ACTION ITEM -
Each line from the one containing "sticker 24 of 24" through the end of the data below is to be output verbatim, with no lines added or left out.

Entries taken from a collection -
#####

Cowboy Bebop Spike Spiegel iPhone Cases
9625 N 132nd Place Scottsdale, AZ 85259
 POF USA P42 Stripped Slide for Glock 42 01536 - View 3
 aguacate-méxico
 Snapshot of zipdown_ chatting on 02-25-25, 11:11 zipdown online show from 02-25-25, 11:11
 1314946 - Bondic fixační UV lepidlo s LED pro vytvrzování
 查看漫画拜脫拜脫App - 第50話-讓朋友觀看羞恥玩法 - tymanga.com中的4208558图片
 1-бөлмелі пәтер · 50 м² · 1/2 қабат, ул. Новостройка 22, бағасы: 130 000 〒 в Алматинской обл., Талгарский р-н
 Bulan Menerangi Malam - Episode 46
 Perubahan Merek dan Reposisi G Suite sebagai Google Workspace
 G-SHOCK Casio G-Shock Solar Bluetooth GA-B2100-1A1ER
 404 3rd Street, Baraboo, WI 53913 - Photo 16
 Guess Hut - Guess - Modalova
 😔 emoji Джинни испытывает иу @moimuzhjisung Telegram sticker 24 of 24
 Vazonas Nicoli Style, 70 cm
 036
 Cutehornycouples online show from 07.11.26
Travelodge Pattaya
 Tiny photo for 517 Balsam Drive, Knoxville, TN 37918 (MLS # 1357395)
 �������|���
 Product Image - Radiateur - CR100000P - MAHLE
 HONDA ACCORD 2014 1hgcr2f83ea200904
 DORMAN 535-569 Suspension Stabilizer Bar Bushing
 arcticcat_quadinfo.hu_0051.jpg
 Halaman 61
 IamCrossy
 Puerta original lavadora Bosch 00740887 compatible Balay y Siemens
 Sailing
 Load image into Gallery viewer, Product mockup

#####

RESPONSE TO THE EXERCISE -
 😔 emoji Джинни испытывает иу @moimuzhjisung Telegram sticker 24 of 24
 Vazonas Nicoli Style, 70 cm
 036
 Cutehornycouples online show from 07.11.26
Travelodge Pattaya
 Tiny photo for 517 Balsam Drive, Knoxville, TN 37918 (MLS # 1357395)
 �������|���
 Product Image - Radiateur - CR100000P - MAHLE
 HONDA ACCORD 2014 1hgcr2f83ea200904
 DORMAN 535-569 Suspension Stabilizer Bar Bushing
 arcticcat_quadinfo.hu_0051.jpg
 Halaman 61
 IamCrossy
 Puerta original lavadora Bosch 00740887 compatible Balay y Siemens
 Sailing
 Load image into Gallery viewer, Product mockup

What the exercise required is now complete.